Of course, usually qualitative arguments are informed by and supplemented with other sources of evidence that can provide a quantitative estimate, and then the presumption of independence is applied after incorporating these different sources (which is usually a considerably better situation to be in, unequivocally more grounded in reality). We can even explicitly reason qualitatively about the different relative magnitudes of some dynamics, as in How likely is deceptive alignment? [LW · GW].

And sometimes, in even less explicit ways, intuitive assessments of the strength of quantitative effects (or even the fundamental shape of the qualitative arguments) are already informed by grokked structure in reality coming from other sources of evidence. And of course, here talking about the actual structure, the actual evidence, will be more informative (even while acknowledging our credal relationship to this evidence might not be completely transmittable in language, given some hard-earned expert intuitions).

In any event, the above mentioned tacit assumption lurks in the background of some more superficial discussions, and sadly reality doesn’t seem to be as simple as to permit its high-confidence application.

2. Empirics and extrapolations

We can obtain information about the technical cruxes from the current paradigm. This doesn’t imply abandoning our abstractions and predictions, or ignoring the fact that according to them phase changes are still to come between current systems and dangerous systems. But they are, ultimately, the most valuable way to test our intuitions. So the valuable actions here are less blindly and agnostically listening to the flow of information, and more purposefully finding the few empirical tests that could probe some corners of our abstractions (as difficult as this might be, given our abstractions talk about far situations, and in qualitative terms). For this purpose, maybe examining the ML literature is not enough, and experimentation with goals different than those of academia is required.

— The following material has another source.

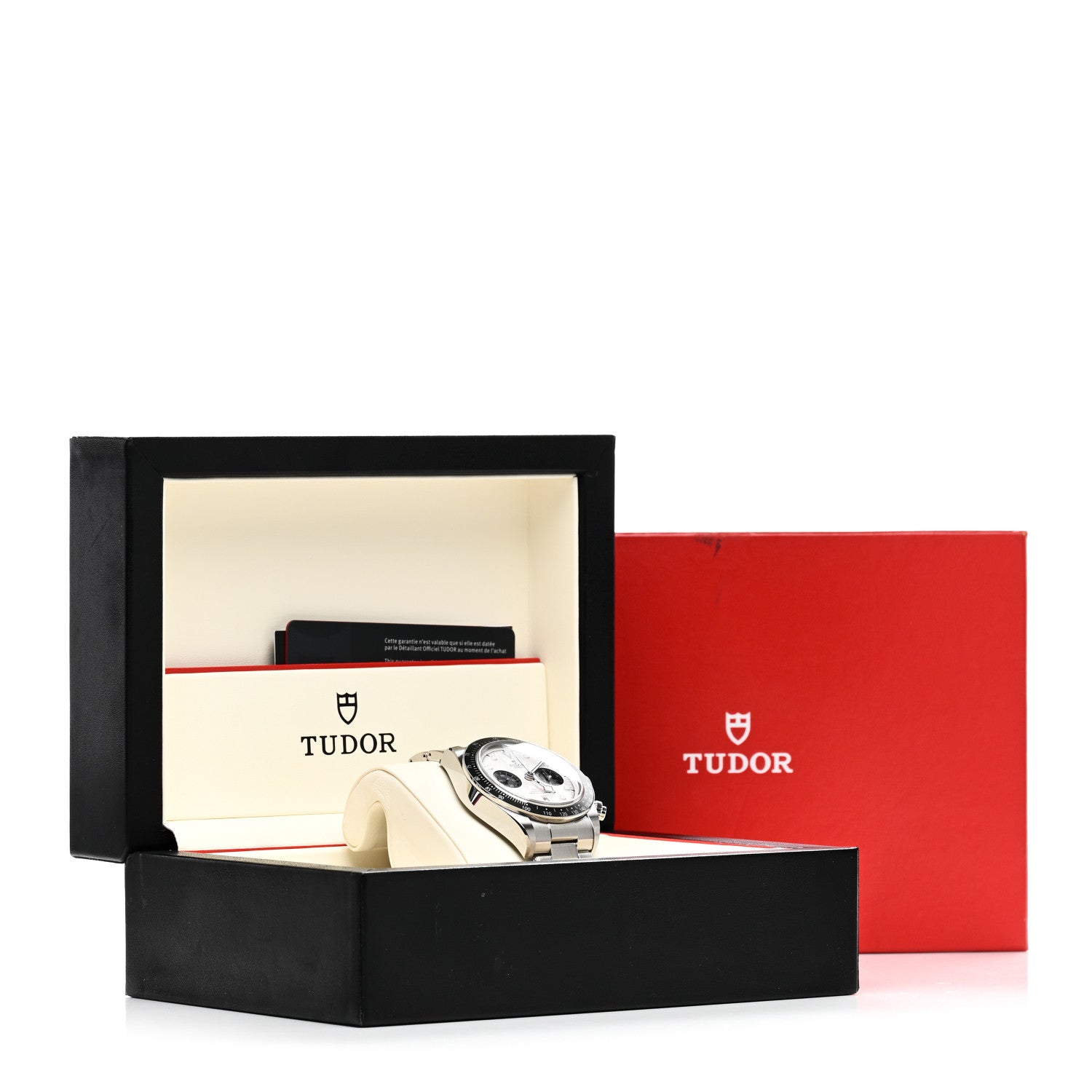 TUDOR Stainless Steel 41mm Black Bay Chronograph Panda Automatic Watch White 79360N 5 of 5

Of course, extrapolations are also theory-laden, since we need to decide which contributing factors to take into account. That said, these factors can in turn be estimated, and so on, yielding fruitful intertwining of our qualitative abstractions with quantitative feedback, that can eventually be tested against reality.

Work that provides more data (example [LW · GW]) can be distinguished from work that interprets it (example [LW · GW]).

3. Mathematical results about local search in general

The motivating example for this class is mathematical theorems about the behavior of SGD in the limit, or approximations / conjectures of them (example: infinite-width limits of neural networks [LW · GW], and how they help understand inductive biases and training dynamics). That is, we think about the local search process in general and in the abstract, averaged over all possible tasks and models. Many times we get conceptual assessments instead of fully formal mathematical results, closer to qualitative arguments. Here deep familiarity with the Deep Learning literature would seem positive.

4. Mentally approximating empirical evidence

As mentioned above and by many [LW · GW], the alignment field seems mainly bottlenecked on not being able to test the dynamics we most worry about, or iterate [LW · GW] experimentally on robust metrics. We don’t have the privilege of waiting for more concrete evidence, and the whole field is trying to get ahead of the curve and place the bandaid before the wound.

It’s obviously bad for a field not to have a reliable flux of empirical evidence on its most central variables. It’s also likely that our mental and social tools for doing science are too tailored to exploiting such a flux.

Thus, some researchers seem to try and cheaply approximate some aspects of empirical evidence, and find alternative testing grounds for their intuitions, which mostly amount to higher-resolution concretized reasoning and prediction. That is, expliciting a lot of the complex structure so that we only need to call on simpler, and thus apparently more trust-worthy, intuitions (in a speculative-but-concrete way which might not be widespread in other scientific areas).

The motivating example for this class is Nate’s explanation [LW · GW] of obtaining confidence on a certain property of the distribution of cognitive mechanisms:

“like, we could imagine playing a game where i propose a way that it [the AI] diverges [from POUDA-avoidance] in deployment, and you counter by asserting that there's a situation in the training data where it had to have gotten whacked if it was that stupid, and i counter either by a more-sophisticated deployment-divergence or by naming either a shallower or a factually non-[Alice]like thing that it could have learned instead such that the divergence still occurs, and we go back and forth. and i win if you're forced into exotic and unlikely training data, and you win if i'm either forced into saying that it learned unnatural concepts, or if my divergences are pushed so far out that you can fit in a pivotal act before then.

[...]

and, like, it's a pretty tricky game to play b/c it's all made-up bullshit and it's hard to agree on who strained credulity more, but there's some sort of idealized game here where it sounds to me like we each expect we'd win if we played it ...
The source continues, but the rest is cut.